In [None]:
import vectice as vct

vec_project = vct.connect(config="token_i.json")

### Read datasets:
 - PTY_ID_MAIN - From our BigQuery Dev environment
 - HIST_TRANS - From our BigQuery Dev environment
 - LuxAir_Accts - S3
 - OFAC_SDN - S3

In [None]:
# Connect to BigQuery Dev using Service Account
from google.cloud import bigquery
from google.oauth2 import service_account
creds = service_account.Credentials.from_service_account_file("bq_dev_sa.json", scopes=["https://www.googleapis.com/auth/cloud-platform"])

bigquery_client = bigquery.Client(
    credentials= creds,
    project=creds.project_id
)

Query PTY_ID_MAIN and HIST_TRX from our Dev BigQuery env. Retrieving full tables, we will need to remove non US customers from the resultsets as per compliance.

In [None]:
# Query PTY_ID_MAIN table
qry_PTY_ID_MAIN = "SELECT * FROM `solutions-engineering-363108.CUST_PTY_INFO.PTY_ID_MAIN`"
#Run the query and write result to a pandas data frame
Query_Results = bigquery_client.query(qry_PTY_ID_MAIN)
df_PTY_ID_MAIN = Query_Results.to_dataframe()
#View top few rows of result
df_PTY_ID_MAIN.head()

In [None]:
# Query HIST_TRANS table
qry_HIST_TRX = "SELECT * FROM `solutions-engineering-363108.HIST_CUST_INFO.HIST_TRANS`"
#Run the query and write result to a pandas data frame
Query_Results = bigquery_client.query(qry_HIST_TRX)
df_HIST_TRX = Query_Results.to_dataframe()
#View top few rows of result
df_HIST_TRX.head()

Reading the two external files from our S3 bucket.

In [None]:
# Read the external files from S3
# Create connection
from boto3 import client
from botocore import UNSIGNED
from botocore.client import Config
import s3fs

s3_client = client('s3', config=Config(signature_version=UNSIGNED), region_name='us-west-1')


In [None]:
import pandas as pd
# Read the external files in dataframes
s3 = s3fs.S3FileSystem(anon=True)

with s3.open("vectice-examples/Samples Data/LuxAir_Accts.csv", mode="rb") as f:
    df_LuxAir_Accts = pd.read_csv(f)

with s3.open("vectice-examples/Samples Data/OFAC_SDN.csv", mode="rb") as f:
    df_OFAC_SDN = pd.read_csv(f)

Document my findings in Vectice

In [None]:
from vectice import Dataset, S3Resource
from vectice.models.resource import BigQueryResource

iteration = vec_project.phase("Data Collection").iteration()

In [None]:
vct_PTY_ID_MAIN = BigQueryResource (bq_client=bigquery_client, path="solutions-engineering-363108.CUST_PTY_INFO.PTY_ID_MAIN")
vct_HIST_TRX = BigQueryResource (bq_client=bigquery_client, path="solutions-engineering-363108.HIST_CUST_INFO.HIST_TRANS")

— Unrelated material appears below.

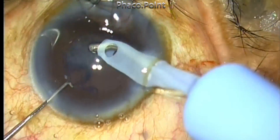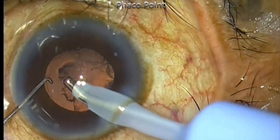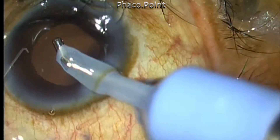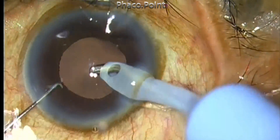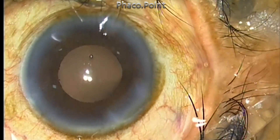During cortical aspiration, by maintaining the aspiration port at the correct plane, it is possible to completely evacuate the cortex without having to push the pupil backwards to enhance visibility. This completes case one, which was performed under topical anesthesia.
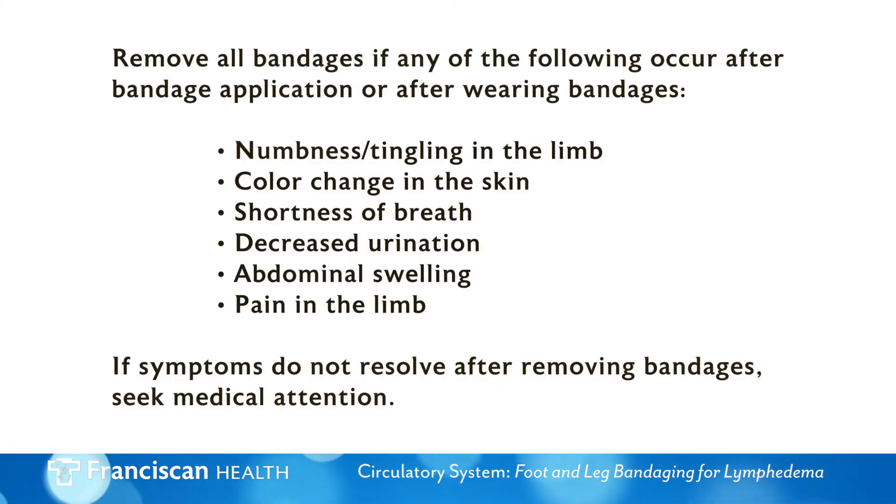Remove all bandages if any of the following occur after bandage application or after wearing bandages: numbness or tingling in the limb, color change in the skin, shortness of breath, decreased urination, abdominal swelling, or pain in the limb. If symptoms do not resolve after removing bandages, seek medical attention.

vct_LuxAir_Accts = S3Resource(s3_client,bucket_name="vectice-examples", resource_path="Samples Data/LuxAir_Accts.csv")
vct_OFAC_SDN = S3Resource(s3_client,bucket_name="vectice-examples", resource_path="Samples Data/OFAC_SDN.csv")

In [None]:


# Documenting all four datasets used in the project
iteration.step_identify_datasets = Dataset.origin(name="PTY_ID_MAIN", resource=vct_PTY_ID_MAIN, dataframe = df_PTY_ID_MAIN, properties={"SQL":qry_PTY_ID_MAIN})
iteration.step_identify_datasets += Dataset.origin(name="HIST_TRANSACTIONS", resource=vct_HIST_TRX, dataframe = df_HIST_TRX, properties={"SQL":qry_HIST_TRX})
iteration.step_identify_datasets += Dataset.origin(name="LuxAir_Accts", resource=vct_LuxAir_Accts, dataframe = df_LuxAir_Accts)
iteration.step_identify_datasets += Dataset.origin(name="OFAC_SDN", resource=vct_OFAC_SDN, dataframe = df_OFAC_SDN)

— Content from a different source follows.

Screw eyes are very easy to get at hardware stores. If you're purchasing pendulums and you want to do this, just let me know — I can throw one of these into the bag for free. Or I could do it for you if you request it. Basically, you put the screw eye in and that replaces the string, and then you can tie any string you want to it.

iteration.step_identify_datasets = "We have identified the proper datasets for this project. \nTwo of the datasets (\"LuxAir_Accts\" and \"OFAC_SDN\") are coming from external sources and are dropped weekly on our S3 bucket. These files will need to be automated."

Capture data summary - Describe data, check for N/A, etc...

In [None]:
df_PTY_ID_MAIN.describe()

In [None]:
df_PTY_ID_MAIN.shape[0]


In [None]:
df_PTY_ID_MAIN.shape[1]

In [None]:
df_PTY_ID_MAIN.isnull().sum().sum()

In [None]:
df_HIST_TRX.describe()

In [None]:
df_HIST_TRX.shape[0]

In [None]:
df_HIST_TRX.shape[1]

In [None]:
df_HIST_TRX.isnull().sum().sum()

In [None]:
# Log insights in Vectice
msg = "\nSize of Original Dataset:\n"\
"PTY_ID_MAIN: Observations: " + str(df_PTY_ID_MAIN.shape[0]) + " - Features: " + str(df_PTY_ID_MAIN.shape[1])  + "- # of null values: " + str(df_PTY_ID_MAIN.isnull().sum().sum()) + "\n" \
"HIST_TRX: Observations: " + str(df_HIST_TRX.shape[0])  + "- Features: " + str(df_HIST_TRX.shape[1]) + "- # of null values: " + str(df_HIST_TRX.isnull().sum().sum()) + "\n" \
"LuxAir_Accts: Observations: " + str(df_LuxAir_Accts.shape[0])  + " - Features: " + str(df_LuxAir_Accts.shape[1]) + "- # of null values: " + str(df_LuxAir_Accts.isnull().sum().sum()) + "\n" \
"OFAC_SDN: Observations: " + str(df_OFAC_SDN.shape[0])  + " - Features: " + str(df_OFAC_SDN.shape[1]) + "- # of null values: " + str(df_OFAC_SDN.isnull().sum().sum())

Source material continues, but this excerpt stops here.